Saul Katz and Fred Wilpon
Call this the payback pitch.
The Mets' owners will have to cough up their phony profits from investing with Ponzi schemer Bernard Madoff, a judge ruled today.
But Manhattan federal Judge Jed Rakoff said the exact amount -- which Madoff bankruptcy trustee Irving Picard pegged at $83.3 million -- "will be determined in a subsequent order and may require further briefing and oral argument."
Rakoff also rejected efforts by the Mets' owners to block a March 19 trial over the $300 million-plus in principal that they got back in the two years before Madoff's massive con collapsed in December 2008.
Picard claims Madoff's victims are entitled to that money because the Mets' owners were "willfully blind" to the Madoff's fraud when they handed over the cash.
In a four-page ruling, Rakoff said he "remains skeptical that the trustee can ultimately rebut the defendants' showing of good faith, let alone impute bad faith to all the defendants" for investing with Madoff.
"Conclusions are no substitute for facts, and too much of what the parties characterized as bombshells proved to be nothing but bombast," Rakoff wrote.
"Nevertheless, there remains a residue of disputed assertions from which a jury could infer either good faith or bad faith depending on which assertions are credited."

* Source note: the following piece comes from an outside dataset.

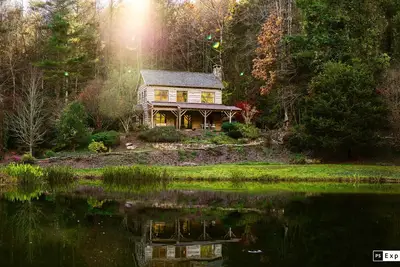 Image de Mountain Escape on 49 acres with pond-streams-trails, 23 mins from Avl airport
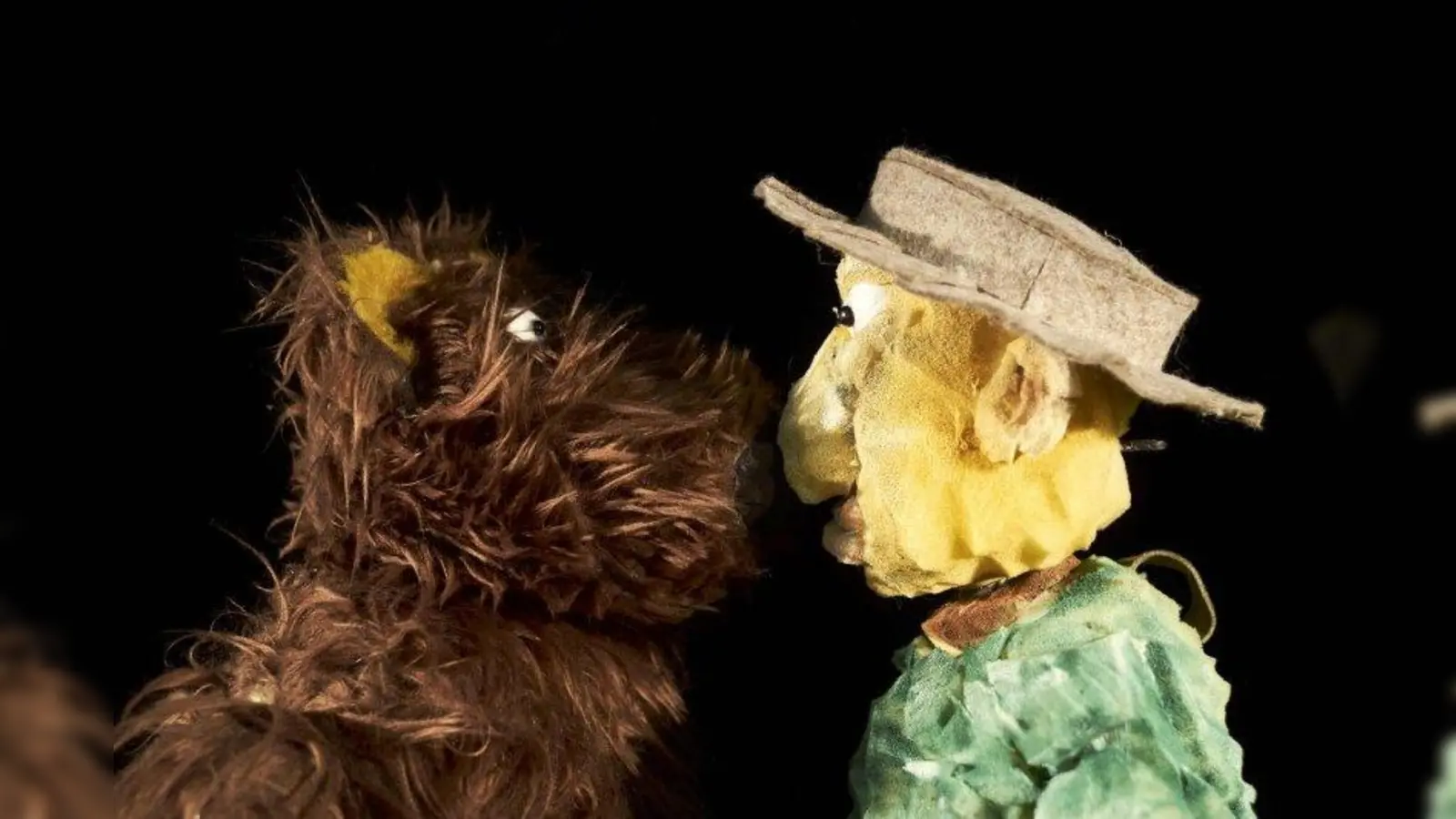 Das Figurentheater Pantaleon zeigt am Mittwoch um 10 Uhr „Riese, Bär und eine Brücke”. (Foto: Dominik Alves)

Lawyers for the Mets didn't immediately return a request for comment.
Today’s ruling is Picard’s first victory in the tangled case. The trustee initially sued the team’s owners for $1 billion, including profits and principal over the six-year period leading up to Madoff’s arrest.
Madoff is currently serving a 150-year prison sentence in North Carolina for orchestrating the multibillion-dollar Ponzi scheme.